1
votes

In the context of implementing a "search window" for fast dynamic time warping in C, I need to build a structure that represents a sparse binary matrix with a very particular structure.

This matrix has some strong structural constraints on it: specifically, there is only one "run" of non-zero data per row, although that run is of variable length. The value of the starting cell's column index and ending cell's column index increases monotonically as the row increases:

Example valid matrices (* = filled, . = unfilled)

  0 1 2 3 4 5
0 * * * . . .
1 . * * * . .
2 . * * * . .
3 . . * * * *
4 . . * * * *


  0 1 2 3 4 5
0 * * * * . .
1 . * * * * .
2 . . * * * .
3 . . . . * *
4 . . . . . *

Example invalid matrices:

  0 1 2 3 4 5
0 * * * . * * <-- more than one continuous run
1 . * * * . .
2 . * * * . .
3 . . * * * *
4 . . * * * *

  0 1 2 3 4 5
0 * * * . . .
1 . * * * . .
2 . * * * . .
3 * * * * * * <-- start index not monotonically increasing
4 . . * * * *


  0 1 2 3 4 5
0 * * * . . .
1 . * * * * .
2 . * * * . . <-- end index not monotonically increasing
3 . . * * * *
4 . . * * * *

These sparse matrices are mostly populated on the diagonals, but they are not square, so I don't know if I should be using "jagged diagonal storage".

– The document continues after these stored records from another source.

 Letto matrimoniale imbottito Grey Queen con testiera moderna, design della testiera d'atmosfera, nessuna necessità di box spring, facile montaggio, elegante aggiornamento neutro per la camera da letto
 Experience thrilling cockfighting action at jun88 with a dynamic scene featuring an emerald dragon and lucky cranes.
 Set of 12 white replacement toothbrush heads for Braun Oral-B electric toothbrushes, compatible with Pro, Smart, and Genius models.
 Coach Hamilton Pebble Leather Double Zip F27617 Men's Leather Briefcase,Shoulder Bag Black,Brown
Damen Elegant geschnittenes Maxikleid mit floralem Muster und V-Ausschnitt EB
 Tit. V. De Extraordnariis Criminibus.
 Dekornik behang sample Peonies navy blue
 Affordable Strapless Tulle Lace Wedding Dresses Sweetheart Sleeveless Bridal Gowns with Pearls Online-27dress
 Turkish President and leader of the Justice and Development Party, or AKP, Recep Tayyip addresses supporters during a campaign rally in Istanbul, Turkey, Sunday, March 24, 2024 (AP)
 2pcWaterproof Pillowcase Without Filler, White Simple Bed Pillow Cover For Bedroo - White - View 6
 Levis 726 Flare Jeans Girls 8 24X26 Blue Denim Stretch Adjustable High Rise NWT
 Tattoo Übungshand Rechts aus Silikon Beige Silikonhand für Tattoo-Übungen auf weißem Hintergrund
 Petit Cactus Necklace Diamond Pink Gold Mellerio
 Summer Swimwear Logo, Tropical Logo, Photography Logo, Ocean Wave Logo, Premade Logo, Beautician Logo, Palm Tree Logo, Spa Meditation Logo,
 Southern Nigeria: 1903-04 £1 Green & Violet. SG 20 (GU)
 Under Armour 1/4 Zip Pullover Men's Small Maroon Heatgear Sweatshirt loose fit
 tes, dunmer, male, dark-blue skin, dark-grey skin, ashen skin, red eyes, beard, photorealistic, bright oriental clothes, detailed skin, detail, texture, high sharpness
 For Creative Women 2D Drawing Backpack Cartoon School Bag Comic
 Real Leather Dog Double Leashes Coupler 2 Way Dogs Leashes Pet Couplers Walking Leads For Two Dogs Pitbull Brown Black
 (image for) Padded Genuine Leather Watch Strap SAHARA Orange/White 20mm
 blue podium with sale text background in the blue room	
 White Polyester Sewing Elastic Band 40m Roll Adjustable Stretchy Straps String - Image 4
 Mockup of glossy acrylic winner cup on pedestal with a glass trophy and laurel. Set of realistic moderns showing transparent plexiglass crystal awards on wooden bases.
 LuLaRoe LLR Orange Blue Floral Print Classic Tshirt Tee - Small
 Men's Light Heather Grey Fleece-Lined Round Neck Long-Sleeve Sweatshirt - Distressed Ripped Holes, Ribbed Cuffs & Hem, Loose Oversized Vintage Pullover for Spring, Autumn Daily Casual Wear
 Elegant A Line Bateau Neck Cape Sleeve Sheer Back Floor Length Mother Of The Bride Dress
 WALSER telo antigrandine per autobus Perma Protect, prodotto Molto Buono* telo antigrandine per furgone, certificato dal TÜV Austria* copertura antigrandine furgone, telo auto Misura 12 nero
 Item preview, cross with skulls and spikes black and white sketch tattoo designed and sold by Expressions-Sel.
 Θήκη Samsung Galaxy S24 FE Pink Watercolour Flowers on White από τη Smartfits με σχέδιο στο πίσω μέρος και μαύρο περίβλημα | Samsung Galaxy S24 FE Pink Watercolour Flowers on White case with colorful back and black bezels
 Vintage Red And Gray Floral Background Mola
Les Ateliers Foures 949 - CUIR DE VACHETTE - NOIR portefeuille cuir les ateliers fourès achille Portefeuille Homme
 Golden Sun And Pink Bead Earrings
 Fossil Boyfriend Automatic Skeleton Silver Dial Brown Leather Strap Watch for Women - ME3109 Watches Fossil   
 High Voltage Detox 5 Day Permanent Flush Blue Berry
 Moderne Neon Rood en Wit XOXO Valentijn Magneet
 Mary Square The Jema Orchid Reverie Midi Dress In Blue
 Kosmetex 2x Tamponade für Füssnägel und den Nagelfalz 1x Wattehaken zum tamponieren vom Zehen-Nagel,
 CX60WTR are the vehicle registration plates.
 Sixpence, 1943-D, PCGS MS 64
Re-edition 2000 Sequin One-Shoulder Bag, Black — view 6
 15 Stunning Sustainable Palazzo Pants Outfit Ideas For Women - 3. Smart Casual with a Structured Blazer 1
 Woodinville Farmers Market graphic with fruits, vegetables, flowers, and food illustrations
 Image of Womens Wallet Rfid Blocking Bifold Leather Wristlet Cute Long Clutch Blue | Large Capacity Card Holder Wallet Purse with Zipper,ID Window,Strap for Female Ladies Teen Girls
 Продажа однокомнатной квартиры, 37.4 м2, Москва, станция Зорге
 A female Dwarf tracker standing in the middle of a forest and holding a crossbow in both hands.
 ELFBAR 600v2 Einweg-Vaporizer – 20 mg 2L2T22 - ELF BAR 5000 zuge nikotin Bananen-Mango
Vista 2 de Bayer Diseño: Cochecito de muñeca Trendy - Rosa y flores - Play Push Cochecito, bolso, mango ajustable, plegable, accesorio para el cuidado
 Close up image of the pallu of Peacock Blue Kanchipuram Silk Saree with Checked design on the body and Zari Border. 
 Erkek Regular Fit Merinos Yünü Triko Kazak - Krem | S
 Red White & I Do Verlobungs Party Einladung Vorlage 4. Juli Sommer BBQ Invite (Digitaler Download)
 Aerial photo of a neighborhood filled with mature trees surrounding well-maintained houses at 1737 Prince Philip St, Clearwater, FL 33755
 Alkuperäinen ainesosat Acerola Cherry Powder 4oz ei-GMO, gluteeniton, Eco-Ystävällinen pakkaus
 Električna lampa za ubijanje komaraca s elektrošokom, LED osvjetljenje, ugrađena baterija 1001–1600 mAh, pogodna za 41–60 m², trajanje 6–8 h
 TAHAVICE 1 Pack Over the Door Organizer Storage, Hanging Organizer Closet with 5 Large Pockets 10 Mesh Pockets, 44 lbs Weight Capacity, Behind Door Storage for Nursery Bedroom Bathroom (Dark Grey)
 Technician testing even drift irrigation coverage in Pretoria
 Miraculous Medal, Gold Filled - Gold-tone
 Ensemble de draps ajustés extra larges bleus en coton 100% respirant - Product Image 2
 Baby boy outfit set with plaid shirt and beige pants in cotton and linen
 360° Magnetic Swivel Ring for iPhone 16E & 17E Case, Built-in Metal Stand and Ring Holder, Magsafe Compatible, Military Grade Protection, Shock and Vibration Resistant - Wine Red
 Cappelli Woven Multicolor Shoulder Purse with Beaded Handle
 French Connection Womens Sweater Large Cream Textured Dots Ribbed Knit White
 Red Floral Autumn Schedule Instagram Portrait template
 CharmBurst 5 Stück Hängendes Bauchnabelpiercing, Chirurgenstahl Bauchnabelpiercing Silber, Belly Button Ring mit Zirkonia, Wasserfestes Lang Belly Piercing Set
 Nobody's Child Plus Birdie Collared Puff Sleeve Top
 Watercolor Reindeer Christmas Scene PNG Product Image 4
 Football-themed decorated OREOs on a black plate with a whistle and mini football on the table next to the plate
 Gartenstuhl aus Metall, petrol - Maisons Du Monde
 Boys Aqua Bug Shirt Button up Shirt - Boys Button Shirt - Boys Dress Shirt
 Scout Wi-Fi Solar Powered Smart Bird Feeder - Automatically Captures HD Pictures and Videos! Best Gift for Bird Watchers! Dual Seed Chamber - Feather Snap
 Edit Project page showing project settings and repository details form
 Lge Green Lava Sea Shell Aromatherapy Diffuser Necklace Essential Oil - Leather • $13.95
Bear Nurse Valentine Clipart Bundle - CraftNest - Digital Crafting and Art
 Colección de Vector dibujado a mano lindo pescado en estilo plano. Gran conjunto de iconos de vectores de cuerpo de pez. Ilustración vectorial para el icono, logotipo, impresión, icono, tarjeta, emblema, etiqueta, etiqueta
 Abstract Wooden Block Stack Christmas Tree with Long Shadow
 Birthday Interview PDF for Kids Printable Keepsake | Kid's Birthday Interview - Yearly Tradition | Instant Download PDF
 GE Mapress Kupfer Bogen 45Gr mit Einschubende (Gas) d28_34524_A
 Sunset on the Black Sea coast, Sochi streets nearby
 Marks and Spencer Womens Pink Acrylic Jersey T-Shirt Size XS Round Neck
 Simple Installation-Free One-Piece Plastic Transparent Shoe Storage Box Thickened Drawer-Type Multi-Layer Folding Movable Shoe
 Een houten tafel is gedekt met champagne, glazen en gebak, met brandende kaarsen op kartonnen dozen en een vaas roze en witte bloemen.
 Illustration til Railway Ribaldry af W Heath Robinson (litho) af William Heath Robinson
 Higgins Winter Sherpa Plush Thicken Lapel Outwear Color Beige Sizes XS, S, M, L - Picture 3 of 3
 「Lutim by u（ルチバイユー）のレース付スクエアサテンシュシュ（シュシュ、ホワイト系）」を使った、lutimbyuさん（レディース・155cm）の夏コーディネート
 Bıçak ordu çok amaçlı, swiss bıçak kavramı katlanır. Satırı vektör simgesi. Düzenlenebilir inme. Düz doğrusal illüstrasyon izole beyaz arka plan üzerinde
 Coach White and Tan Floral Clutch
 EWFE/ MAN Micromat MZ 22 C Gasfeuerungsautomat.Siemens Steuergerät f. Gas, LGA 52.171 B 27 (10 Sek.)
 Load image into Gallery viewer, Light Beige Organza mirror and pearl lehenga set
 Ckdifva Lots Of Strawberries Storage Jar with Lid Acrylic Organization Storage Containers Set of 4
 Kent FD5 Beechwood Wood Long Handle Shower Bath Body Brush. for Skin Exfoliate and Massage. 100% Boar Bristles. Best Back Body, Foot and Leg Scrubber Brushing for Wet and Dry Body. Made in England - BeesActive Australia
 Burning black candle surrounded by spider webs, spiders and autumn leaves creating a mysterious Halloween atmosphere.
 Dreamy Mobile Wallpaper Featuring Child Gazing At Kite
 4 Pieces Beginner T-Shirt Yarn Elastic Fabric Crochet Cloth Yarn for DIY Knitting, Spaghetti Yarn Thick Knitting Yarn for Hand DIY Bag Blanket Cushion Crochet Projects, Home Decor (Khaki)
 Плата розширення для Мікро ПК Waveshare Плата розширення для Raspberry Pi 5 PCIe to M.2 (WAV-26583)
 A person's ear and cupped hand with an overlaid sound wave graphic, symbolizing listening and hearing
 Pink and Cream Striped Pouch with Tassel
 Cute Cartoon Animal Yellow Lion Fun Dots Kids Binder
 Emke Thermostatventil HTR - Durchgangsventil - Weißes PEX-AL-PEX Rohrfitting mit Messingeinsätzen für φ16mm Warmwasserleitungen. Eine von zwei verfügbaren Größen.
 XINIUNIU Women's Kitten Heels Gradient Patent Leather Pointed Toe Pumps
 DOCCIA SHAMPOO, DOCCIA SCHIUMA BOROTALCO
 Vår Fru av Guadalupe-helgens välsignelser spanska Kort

My current approach is to store (start, end) column indices for each row: i.e.

  0 1 2 3 4 5
0 * * * . . .
1 . * * * . .
2 . * * * . .
3 . . * * * *
4 . . * * * *

is (logically) stored as

(0, 0) --> (0, 2)
(1, 1) --> (1, 3)
(2, 1) --> (2, 3)
(3, 2) --> (3, 5) 
(4, 2) --> (4, 5)

(although these are internally stored as ravelled indices, i.e.)

(0 * num_cols + 0) --> (0 * num_cols + 2)
(1 * num_cols + 1) --> (1 * num_cols + 3)

so the final structure ends up looking like

[0, 2, 7, 9, 13, 15, 20, 23, 26, 29]

Then, this structure is delta encoded like

[first_value, offset_1, offset_2, ...]
[0, 2, 5, 2, 4, 2, 5, 3, 3, 3] 

Because these delta values are small and positive, we can take advantage of packing them into some flavor of VARINT structure.

First question: do these matrices have a well-known name? Can't seem to find much in the literature.

Second question: is this storage scheme taking advantage of all the strong properties of the matrices? Can I abuse the constraints in order to store less data somehow?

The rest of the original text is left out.